After Thursday's Europa League win over Académica, the immensely scary coach dismissed talk of winning streaks to declare that "records are for history and journalists - We live for tomorrow". With other managers you'd suspect that they are secretly gathering a scrapbook of their successes, but that's not the case with the tattoo-laden Argentinean, whose core strength is his ability to motivate his players, build a collective and most importantly of all terrify his footballers to death if they don't give the mythical 120% in every game.
Another former Atlético player, Paolo Futre, suggests in Monday's Marca that Atlético's progress this year is completely counter-intuitive. 'Where is the logic in spending millions and not having success and then spending practically nothing and being joint leaders?' Only a million euro was spent over the summer on a defender who has barely played whereas €19m was made in sales in an attempt to make a dent in the club's debt with the taxman.
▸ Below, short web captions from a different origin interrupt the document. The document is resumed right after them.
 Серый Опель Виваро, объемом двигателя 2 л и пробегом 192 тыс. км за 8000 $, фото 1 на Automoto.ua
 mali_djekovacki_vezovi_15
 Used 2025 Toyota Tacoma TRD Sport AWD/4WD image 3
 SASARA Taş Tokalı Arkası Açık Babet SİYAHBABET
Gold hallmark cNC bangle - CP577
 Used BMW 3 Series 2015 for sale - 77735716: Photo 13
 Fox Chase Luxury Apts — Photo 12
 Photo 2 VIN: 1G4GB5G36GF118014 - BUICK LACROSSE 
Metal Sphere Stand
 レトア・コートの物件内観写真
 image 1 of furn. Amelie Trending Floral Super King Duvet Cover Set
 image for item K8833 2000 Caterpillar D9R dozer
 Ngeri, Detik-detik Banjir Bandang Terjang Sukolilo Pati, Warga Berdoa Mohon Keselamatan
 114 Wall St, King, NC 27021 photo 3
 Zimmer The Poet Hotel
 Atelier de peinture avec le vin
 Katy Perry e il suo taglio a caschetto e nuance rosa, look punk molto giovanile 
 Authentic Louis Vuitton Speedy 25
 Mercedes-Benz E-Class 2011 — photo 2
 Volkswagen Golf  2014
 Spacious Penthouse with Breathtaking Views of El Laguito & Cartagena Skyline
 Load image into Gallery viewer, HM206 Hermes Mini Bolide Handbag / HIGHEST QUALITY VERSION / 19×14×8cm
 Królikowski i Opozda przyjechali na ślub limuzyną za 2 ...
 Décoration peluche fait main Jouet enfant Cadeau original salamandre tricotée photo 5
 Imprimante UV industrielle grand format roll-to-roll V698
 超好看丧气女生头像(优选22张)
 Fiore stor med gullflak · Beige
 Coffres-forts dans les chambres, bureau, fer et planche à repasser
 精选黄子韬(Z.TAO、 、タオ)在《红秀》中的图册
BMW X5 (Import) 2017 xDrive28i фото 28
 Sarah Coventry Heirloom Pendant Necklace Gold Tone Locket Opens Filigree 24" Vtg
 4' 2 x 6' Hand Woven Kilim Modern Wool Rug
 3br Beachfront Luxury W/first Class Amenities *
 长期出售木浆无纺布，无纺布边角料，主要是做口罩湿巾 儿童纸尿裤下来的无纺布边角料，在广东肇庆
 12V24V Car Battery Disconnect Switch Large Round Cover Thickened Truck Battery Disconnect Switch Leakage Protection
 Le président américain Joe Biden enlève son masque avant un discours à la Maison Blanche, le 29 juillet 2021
That debt stands at over €200m - a testament to the cash splurged on the likes of Elias, Sinama-Pongolle and Reyes to name but of few of many expensive failures in recent seasons.
Aside from Falcao, who scored his tenth league goal of the season in the victory over Osasuna, Atlético's squad this year is a modest one, but the strongest seen for some time in terms of quality. Indeed, it has largely been the 'back-up' team that has seen the side progressing so well in Europe. Thibaut Courtois, in his second year on loan from Chelsea, is proving that the London club has a very bright future once Petr Cech is poked out of the picture.
In front of the Belgian is a back four that's free of the normal insane self-destruction of recent seasons, which saw countless late goals being given away, largely by Diego Godín (who single-handedly prevented a Champions League finish last season with a series of baffling bungles). The midfield is well-organised and disciplined under the supervision of the experienced Gabi, who returned to his home team after four seasons in exile with Zaragoza.
Arda Turan has slotted into the huge playmaking hole left by Diego Ribas, arguably the team's most influential footballer last season, whilst cameo performances along the way from new arrival Christian Rodríguez and Raúl García, back from a spell at Osasuna, have ensured that the club is not as reliant on Falcao as the statistics may suggest. "This team has heart, energy and strength," says right-back Juanfran, a footballer who has pushed his way into the Spain squad as a full-back despite joining as a substitute right-winger two seasons ago.
The toughest test so far in la Liga for Atlético this season has been against Málaga, a match the Rojiblancos won, with games against Real Madrid and Barcelona not coming up until December. But it's Atleti's consistency against the meat-and-veg of la Primera that has been key this year - the scrappy victories against Valladolid, Espanyol and Real Sociedad. "They know how to play like a small team," noted admiring Osasuna manager Jose Luis Mendilibar after his team's defeat.
At the same point last year, Atlético Madrid had already dropped points to Osasuna, Sevilla, Granada, Mallorca and Athletic Bilbao to leave the capital city side with just nine points, 16 less than the team has now. It was a record that eventually lead to the sacking of Gregorio Manzano over Christmas and the appointment of Simeone, who has only been at the club for ten months, but it feels like 10 years having firmly imprinted his determined, no-nonsense personality into the DNA of a team that has always been riven by despite and squabbles from the dressing-room to the board room.
Atlético Madrid may be able to play and plot like a small team but it remains to see if they have a big team's aspirations. Third place and a return to the Champions League must now be the side's minimum goal. However, the performance and progress of the team have now given the players permission to think of something other than merely the next match - despite the strict orders of their manager - no matter how much the supporters may want to avoid it at all costs.